A UBCO study on the popularity of electric scooter rentals in Kelowna found that the service is very well-liked among younger community members.
The study, spearheaded by doctoral student Muntahith Mehadil Orvin, looked at data from July 2019 to October 2019. They developed a forecasting model by exploring key predictors such as time of day, week, season and weather. They also examined transportation, infrastructure, land use and neighbourhood features.
The results are unsurprising: usage was likely to be higher during nicer weather and demand is more likely in places with higher density and a higher ratio of cycle lanes.
Out of the 22,700 shared trips logged into these services, Orvin and his team found that e-scooter services were most utilized on the weekends in July and August. More than 90 per cent of the trips took place near the Okanagan Lake and downtown area, and most trips were in the afternoon and evenings. The majority of the users also tended to be younger, the study found.
“Despite the ongoing popularity of shared e-scooter services globally, there hasn’t been a lot of research into their actual demand—specifically how the demand varies over different times of the day and week across a city,” said Orvin.
Assistant professor Mahmudur Fatmi is not surprised that e-scooters are popular in the city. Smaller cities like Kelowna attracts many visitors each year and is ideal location for micro-mobility solutions.
“Kelowna’s bike infrastructure—combined with its parks and lake access in the flatter portion of the city—are critical elements to attract e-scooter users,” he said. “Such innovative micro-mobility options could be the affordable, equitable and sustainable way to go for short-distance travel.

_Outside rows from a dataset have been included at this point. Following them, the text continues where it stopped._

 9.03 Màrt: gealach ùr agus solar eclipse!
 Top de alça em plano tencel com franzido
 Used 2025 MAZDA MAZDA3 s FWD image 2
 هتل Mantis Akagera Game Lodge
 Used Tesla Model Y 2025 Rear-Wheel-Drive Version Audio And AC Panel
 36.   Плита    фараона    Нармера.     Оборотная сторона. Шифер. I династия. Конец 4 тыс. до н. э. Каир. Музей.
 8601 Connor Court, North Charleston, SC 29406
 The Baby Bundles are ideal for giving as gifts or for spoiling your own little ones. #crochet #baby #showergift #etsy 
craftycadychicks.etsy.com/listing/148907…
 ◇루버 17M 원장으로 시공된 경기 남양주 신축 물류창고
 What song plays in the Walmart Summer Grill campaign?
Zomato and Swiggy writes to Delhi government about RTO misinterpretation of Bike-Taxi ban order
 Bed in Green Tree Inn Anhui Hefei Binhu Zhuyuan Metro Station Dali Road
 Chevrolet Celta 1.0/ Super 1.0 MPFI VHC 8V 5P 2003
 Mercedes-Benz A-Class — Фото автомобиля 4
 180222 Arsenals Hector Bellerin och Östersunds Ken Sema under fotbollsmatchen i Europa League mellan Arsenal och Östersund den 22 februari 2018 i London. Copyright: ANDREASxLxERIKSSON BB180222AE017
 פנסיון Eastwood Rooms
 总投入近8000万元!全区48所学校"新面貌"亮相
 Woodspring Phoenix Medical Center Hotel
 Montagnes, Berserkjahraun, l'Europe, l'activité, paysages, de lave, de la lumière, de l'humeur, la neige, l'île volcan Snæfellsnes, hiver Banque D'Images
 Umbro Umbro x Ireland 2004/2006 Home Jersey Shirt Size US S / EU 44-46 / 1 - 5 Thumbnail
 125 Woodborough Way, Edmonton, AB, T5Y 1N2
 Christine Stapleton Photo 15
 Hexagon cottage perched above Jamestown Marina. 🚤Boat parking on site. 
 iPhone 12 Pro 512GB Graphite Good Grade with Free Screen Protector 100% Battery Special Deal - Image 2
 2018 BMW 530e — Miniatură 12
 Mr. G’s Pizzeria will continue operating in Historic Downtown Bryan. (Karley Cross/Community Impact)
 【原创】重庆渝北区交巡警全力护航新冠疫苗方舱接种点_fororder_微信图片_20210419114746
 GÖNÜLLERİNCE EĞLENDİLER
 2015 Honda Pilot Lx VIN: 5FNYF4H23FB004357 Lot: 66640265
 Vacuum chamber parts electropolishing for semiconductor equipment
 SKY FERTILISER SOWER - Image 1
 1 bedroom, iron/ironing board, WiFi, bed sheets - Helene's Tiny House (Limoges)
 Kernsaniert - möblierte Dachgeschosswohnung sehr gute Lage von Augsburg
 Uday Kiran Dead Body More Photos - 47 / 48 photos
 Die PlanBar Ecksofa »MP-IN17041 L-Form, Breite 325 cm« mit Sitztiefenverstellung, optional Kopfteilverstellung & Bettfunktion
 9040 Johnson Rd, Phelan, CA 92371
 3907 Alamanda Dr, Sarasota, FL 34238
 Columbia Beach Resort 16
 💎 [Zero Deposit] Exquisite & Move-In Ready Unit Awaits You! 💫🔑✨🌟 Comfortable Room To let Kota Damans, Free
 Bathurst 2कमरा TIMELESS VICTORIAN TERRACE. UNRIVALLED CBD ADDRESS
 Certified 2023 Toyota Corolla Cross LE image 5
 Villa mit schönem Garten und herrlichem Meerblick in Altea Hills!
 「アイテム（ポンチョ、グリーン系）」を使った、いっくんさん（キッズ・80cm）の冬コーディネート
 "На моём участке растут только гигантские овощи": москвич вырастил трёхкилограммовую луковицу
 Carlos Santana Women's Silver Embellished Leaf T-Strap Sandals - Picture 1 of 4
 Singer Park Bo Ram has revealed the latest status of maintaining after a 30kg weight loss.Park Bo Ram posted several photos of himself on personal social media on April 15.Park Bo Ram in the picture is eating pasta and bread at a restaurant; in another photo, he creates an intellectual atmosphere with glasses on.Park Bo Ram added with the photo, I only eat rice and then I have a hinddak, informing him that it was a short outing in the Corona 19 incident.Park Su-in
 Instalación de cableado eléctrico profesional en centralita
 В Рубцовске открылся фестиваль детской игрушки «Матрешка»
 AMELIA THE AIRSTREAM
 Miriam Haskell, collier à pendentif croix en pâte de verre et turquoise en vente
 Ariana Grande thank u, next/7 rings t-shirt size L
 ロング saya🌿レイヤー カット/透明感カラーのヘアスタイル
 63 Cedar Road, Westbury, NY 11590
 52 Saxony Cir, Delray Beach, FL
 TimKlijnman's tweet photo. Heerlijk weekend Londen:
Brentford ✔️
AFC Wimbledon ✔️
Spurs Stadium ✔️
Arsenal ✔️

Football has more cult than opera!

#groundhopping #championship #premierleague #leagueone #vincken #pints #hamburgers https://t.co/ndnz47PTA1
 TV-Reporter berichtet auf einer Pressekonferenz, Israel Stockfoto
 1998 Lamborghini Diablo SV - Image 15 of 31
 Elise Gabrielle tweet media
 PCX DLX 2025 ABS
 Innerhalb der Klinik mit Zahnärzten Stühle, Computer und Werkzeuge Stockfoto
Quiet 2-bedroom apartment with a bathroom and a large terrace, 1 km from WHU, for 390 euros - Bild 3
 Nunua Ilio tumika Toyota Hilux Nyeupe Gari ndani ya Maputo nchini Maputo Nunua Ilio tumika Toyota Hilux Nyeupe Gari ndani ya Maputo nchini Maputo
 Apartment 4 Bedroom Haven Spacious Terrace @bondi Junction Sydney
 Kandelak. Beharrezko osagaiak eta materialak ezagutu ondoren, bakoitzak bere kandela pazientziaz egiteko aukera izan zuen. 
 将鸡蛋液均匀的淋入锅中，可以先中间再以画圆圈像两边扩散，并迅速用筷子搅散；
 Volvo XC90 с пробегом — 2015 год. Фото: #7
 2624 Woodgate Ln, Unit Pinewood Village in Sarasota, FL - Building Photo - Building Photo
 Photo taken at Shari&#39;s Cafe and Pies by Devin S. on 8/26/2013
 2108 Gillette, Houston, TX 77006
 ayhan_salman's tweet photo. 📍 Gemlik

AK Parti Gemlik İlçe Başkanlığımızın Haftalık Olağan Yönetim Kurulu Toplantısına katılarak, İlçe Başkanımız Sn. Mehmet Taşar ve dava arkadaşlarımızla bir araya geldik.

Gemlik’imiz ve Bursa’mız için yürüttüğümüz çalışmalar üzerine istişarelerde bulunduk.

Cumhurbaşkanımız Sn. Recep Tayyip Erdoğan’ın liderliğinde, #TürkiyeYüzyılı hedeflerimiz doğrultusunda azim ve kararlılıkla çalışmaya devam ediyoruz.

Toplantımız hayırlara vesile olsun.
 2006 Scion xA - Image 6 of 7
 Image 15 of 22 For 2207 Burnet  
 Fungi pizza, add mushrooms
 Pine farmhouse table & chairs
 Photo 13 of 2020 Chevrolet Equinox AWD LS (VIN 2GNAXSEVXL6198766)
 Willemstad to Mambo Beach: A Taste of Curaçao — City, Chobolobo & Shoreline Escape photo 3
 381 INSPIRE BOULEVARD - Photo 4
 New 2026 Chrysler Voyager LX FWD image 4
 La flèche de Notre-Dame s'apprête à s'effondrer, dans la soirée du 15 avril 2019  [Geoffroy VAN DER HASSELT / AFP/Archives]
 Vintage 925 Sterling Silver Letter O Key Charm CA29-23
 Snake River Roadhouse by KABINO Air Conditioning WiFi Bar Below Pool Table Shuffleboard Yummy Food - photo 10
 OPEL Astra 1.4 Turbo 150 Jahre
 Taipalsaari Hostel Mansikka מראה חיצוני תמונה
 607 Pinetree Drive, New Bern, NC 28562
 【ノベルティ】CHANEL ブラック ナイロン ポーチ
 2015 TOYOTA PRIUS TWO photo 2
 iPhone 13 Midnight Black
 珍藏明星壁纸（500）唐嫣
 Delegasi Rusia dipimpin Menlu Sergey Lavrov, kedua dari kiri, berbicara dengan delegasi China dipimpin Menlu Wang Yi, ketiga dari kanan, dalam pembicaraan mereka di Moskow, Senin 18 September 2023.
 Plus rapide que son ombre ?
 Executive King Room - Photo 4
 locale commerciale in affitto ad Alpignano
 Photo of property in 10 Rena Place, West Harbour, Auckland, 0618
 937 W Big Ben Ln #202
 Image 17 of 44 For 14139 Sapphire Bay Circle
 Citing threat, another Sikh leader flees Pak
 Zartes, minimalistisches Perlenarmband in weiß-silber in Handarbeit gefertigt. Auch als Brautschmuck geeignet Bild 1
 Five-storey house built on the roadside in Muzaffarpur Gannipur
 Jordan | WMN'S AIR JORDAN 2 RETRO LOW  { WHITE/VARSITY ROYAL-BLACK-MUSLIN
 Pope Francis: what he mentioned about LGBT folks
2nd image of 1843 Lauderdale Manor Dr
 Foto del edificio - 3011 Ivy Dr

While the study did not look at the safety of e-scooters, Orvin said his findings will provide important insights for effective policy-making to support e-scooter use in the future.
“Our data clearly illustrates that there is a call for micro-mobility solutions like e-scooters in Kelowna,” said Orvin. “Other similar-sized municipalities considering these type of transportation solutions could benefit by transferring the developed model to their settings to help predict demand over time and space.”